If the rental agreement was for you and your roommate and your roommate refused to sign it,
then the rental agreement will not constitute an enforceable contract without the signature of the
second person.
For example, in the case of Chapin v. Weisman (1948), 79 N.E.2d 668, a landlord (Weizman) gave a
rental agreement for some commercial property to a tenant (Chapin) for Tenant Chapin and his partner
(Longacre) to sign. Tenant Chapin signed it and then went to get his partner Longacre's signature,
but Partner Longacre refused. Landlord Weizman tried to sue the Tenant Chapin, relying upon his
copy of the partially signed rental agreement.

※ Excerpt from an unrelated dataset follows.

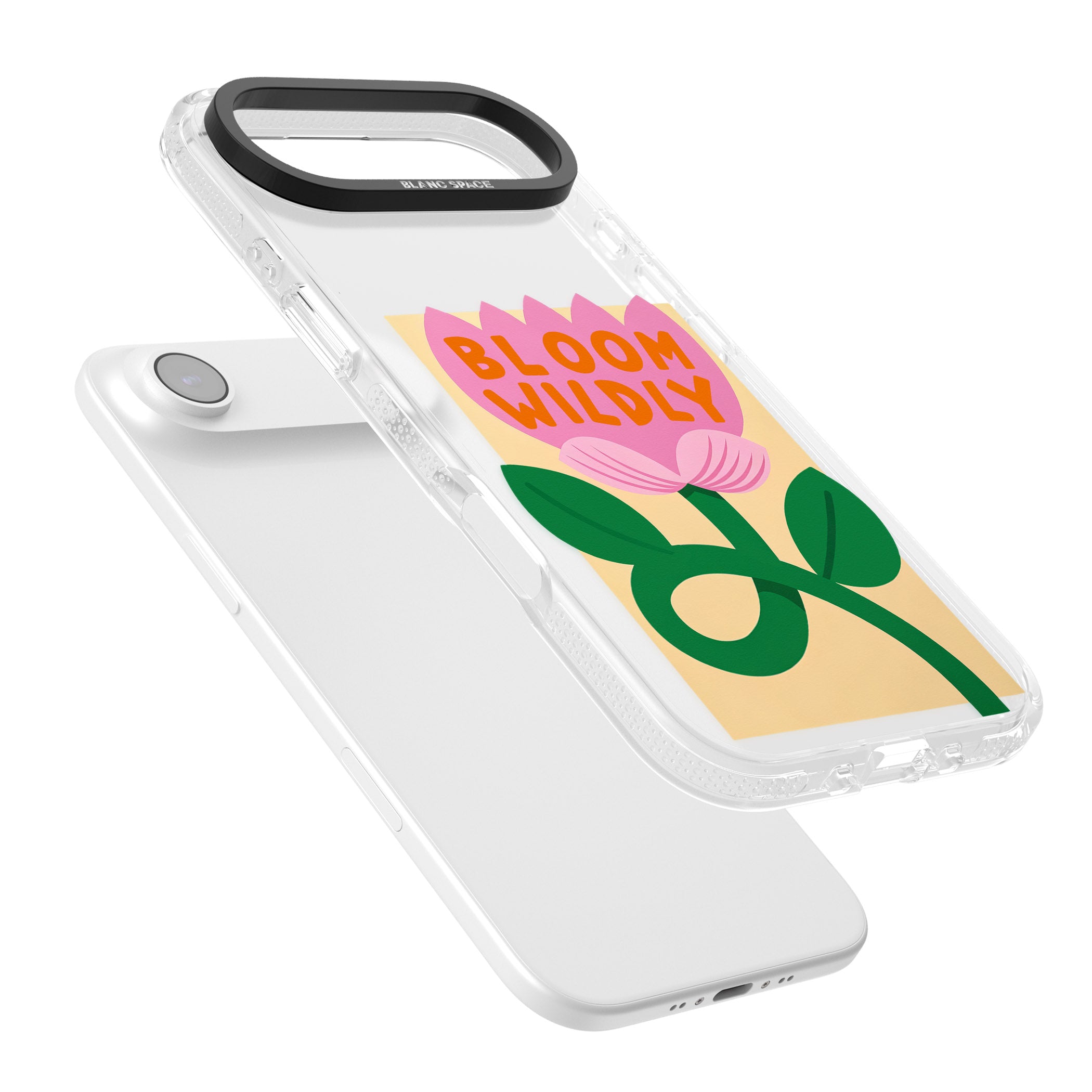 Bloom Wildly iPhone 17 Air Impact Air Clear Phone Case Colours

The Eighth District Court of Appeals in Cuyahoga County held that the rental agreement was not
enforceable against Tenant Chapin and reasoned as follows:
The lease was prepared in Mr. Glick's office and ran to two persons, Chapin and Longacre, as
lessees. Chapin took one of the copies of the lease with him but afterwards returned the lease
saying that Longacre would not sign. If at that time the position of the parties had been reversed,
that is if Chapin desired to take up the lease alone and Weizman was unwilling to do so on the ground
that he had planned a lease with both Chapin and Longacre as lessees and not with Chapin alone, would
any one contend that Weizman would have been bound? Clearly Chapin would have had no right to hold
Weizman to the lease upon his failure to produce Longacre's signature. If Weizman was not bound
neither was Chapin and until Longacre's signature was secured, neither Weizman as lessor nor Chapin
as one of the lessees was obligated under the lease. Id. at 7-8
So if your roommates will not sign onto a rental agreement that you have already signed, and the
intent of the parties was that such persons would sign with you, then the landlord will not be able
to enforce the rental agreement against those who did sign. It's best not to sign anything until
everyone else has signed on as well. Just to be on the safe side, if all roommates can't sign at
the same time, then hand write above your signature that the lease will be invalid unless all other
roommates sign it too.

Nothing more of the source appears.